“Miele” a Roseto “Opera Prima”

Ha vinto a Cannes, nella sezione “Un Certain Regard” e, ancora ai Globi d’Oro, assegnati dall’ Accademia di Francia a Palazzo Farnese. Ha vinto a Bruxelles al Festival del Cinema Europeo e, per il sonoro, gli è stato attribuito un Davide di Donatello.
Esordio alla regia (di un lungometraggio, perché come autrice aveva già firmato “Armandino e il Madre”, nel 2010), di Valeria Golino, con tutti a favore, in un film su un tema difficile e che anzi, come scriveva Lietta Tornabuoni, proprio nella sua ultima recensione prima di morire per “Kill me pleace” di Olias Barco, tutti vorrebberro rimuovere dalle proprie coscienze: la morte.
Ma in “Miele” non si parla solo di morte e di eutanasia, ma anche di vita e del coraggio che ci vuole per viverla, attraverso una vicenda asciutta e lineare, tratta dal romanzo di Mauro Covacich “A nome mio”, sceneggiato dalla stessa regista assieme a Francesca Marciano e Velia Santella e prodotto dalla sua stessa casa di produzione, la Buena Onda, fondata con Riccardo Scamarcio e Viola Prestieri.

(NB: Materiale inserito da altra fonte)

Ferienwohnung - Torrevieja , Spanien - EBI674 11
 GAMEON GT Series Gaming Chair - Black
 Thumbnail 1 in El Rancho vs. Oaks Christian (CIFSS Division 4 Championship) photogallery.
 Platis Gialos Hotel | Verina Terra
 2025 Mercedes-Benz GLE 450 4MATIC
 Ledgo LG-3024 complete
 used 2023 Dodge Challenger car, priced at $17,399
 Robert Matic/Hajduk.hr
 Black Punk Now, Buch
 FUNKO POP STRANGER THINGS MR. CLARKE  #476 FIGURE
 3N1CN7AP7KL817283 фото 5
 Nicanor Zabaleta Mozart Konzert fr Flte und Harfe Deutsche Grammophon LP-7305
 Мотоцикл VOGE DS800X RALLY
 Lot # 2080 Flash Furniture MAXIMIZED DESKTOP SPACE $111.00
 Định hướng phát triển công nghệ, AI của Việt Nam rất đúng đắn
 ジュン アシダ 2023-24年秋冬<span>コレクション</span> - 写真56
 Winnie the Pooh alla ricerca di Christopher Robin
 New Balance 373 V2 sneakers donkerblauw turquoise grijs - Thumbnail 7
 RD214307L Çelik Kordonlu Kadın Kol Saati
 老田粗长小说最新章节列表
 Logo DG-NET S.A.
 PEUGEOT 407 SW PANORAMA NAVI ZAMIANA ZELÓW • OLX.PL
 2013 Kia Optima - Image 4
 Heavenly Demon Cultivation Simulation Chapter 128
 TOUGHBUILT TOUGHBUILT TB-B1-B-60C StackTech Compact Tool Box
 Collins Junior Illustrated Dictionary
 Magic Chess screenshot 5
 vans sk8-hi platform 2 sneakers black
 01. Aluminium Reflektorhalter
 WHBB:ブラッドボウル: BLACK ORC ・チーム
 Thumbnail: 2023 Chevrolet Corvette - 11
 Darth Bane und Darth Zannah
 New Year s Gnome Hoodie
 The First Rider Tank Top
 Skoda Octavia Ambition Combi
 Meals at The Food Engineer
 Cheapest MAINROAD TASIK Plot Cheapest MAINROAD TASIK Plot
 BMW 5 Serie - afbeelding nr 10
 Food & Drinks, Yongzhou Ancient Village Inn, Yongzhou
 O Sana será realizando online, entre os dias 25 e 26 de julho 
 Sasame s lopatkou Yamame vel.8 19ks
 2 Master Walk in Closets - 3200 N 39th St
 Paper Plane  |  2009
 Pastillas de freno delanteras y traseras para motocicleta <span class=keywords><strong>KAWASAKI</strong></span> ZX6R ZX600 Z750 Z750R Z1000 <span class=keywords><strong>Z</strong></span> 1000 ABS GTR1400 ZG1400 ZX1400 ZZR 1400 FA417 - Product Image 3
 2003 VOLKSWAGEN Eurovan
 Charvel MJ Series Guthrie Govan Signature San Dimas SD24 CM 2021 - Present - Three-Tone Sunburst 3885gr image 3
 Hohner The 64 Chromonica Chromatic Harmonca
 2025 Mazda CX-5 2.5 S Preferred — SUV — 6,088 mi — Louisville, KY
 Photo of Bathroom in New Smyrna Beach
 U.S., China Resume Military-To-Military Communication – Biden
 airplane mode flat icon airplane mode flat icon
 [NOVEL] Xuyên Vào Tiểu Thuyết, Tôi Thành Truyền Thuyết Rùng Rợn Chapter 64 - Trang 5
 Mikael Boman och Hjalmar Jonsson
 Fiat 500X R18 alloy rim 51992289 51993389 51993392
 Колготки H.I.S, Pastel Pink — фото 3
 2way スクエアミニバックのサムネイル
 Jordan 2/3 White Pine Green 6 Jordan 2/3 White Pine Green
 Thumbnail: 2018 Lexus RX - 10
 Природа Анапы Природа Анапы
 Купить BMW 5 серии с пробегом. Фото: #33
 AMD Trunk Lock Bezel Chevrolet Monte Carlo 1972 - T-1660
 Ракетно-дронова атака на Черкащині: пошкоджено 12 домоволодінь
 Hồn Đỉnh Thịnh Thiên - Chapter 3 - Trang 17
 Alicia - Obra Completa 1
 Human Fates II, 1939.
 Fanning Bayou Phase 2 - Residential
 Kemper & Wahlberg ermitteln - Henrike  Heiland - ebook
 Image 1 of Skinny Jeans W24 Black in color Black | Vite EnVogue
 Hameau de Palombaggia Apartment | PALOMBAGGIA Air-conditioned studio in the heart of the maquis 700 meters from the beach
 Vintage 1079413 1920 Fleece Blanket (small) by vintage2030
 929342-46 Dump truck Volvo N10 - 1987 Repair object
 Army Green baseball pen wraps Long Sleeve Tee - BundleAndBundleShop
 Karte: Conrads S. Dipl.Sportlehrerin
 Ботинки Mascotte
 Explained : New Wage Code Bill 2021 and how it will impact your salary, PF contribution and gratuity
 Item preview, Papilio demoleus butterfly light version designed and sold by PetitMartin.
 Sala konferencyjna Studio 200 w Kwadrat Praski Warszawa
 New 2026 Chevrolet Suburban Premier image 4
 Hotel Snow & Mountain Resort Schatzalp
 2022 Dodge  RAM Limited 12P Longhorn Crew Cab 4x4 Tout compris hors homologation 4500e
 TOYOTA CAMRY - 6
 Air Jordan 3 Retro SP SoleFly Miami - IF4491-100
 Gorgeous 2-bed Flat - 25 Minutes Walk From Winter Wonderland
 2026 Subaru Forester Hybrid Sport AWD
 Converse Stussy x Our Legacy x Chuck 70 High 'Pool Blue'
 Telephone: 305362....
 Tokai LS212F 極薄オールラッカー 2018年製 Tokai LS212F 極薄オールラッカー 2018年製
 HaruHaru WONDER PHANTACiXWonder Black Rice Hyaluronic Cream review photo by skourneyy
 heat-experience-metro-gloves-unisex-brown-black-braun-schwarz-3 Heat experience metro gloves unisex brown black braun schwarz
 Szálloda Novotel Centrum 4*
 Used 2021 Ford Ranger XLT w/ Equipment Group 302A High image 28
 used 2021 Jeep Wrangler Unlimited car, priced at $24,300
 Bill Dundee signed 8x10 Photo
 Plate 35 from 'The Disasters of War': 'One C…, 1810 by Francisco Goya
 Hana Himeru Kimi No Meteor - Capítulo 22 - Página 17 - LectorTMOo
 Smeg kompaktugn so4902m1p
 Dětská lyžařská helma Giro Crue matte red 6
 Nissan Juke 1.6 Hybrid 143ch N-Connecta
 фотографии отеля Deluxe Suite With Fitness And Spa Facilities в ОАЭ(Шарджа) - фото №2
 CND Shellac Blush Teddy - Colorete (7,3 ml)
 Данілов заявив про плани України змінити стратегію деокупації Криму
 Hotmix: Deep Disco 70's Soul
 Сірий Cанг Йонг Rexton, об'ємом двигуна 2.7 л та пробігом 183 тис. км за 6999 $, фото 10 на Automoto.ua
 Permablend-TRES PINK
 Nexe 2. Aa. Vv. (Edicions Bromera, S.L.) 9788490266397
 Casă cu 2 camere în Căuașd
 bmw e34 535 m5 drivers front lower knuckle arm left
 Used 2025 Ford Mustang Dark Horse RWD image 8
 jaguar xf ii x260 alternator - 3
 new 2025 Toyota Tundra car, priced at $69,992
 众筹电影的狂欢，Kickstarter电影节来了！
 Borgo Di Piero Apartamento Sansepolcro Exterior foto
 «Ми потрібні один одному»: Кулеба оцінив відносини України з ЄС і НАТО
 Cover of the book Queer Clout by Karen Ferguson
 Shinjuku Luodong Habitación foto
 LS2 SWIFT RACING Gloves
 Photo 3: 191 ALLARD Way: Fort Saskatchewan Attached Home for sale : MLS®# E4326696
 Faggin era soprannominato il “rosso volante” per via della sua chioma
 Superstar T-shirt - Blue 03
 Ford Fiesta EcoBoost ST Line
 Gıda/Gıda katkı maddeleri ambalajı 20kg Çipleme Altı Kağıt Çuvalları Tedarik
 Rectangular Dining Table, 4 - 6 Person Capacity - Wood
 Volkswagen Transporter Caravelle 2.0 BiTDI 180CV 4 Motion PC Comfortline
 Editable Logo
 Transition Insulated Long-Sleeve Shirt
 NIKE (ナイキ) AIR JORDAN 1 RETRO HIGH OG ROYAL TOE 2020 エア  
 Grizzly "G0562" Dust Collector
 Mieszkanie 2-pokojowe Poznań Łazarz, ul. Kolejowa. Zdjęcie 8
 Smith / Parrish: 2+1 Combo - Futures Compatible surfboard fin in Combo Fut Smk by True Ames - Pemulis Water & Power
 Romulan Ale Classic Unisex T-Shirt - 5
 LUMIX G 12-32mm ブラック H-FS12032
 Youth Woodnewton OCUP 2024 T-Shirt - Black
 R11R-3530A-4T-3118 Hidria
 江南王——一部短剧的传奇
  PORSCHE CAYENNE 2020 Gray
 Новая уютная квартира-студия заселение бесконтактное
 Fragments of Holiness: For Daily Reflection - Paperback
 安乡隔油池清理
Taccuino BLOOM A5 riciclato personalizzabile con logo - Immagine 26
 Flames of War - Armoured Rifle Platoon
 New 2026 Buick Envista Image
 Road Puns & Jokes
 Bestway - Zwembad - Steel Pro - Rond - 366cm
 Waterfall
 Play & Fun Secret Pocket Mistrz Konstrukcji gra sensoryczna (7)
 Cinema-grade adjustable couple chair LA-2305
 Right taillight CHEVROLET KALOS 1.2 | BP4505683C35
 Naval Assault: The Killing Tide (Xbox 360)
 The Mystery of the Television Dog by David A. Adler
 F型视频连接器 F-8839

La regia è accorta, matura, segno che lei, Valeria, ha introiettato et movimenti e costruzioni dei vari filmaker con cui ha lavorato: Emanuele Crialese, Barry Levinson, Margarethe von Trotta, Jerzy Skolimowski, John Frankenheimer, Gabriele Salvatores, Mike Figgis, Silvio Soldini, Julie Taymor, Antonio Capuano, Krzysztof Zanussi, con i suoi occhi “femminili” concentrati sul corpo della protaginista, una straordinaria Jasmine Trinca, con décadrages che spostano continuamente il soggetto ai margini dell'inquadratura, catturando ancor di più la nostra attenzione.
“Miele” è il quinto appuntamento di “Opera Prima”, festival cinematografico che si svolge a Rioseto degli Abruzzi, ideato da Tonino Valerii (che ne cura da sempre la duirezione artistica), giunto alla XVIII edizione, coordinato da Mario Giungo, con introduzioni, ogni sera, da parte della poetessa Laura Bernardini e dell’avvocata Maristella Urbani, assessore al turismo del omuyne di Roseto.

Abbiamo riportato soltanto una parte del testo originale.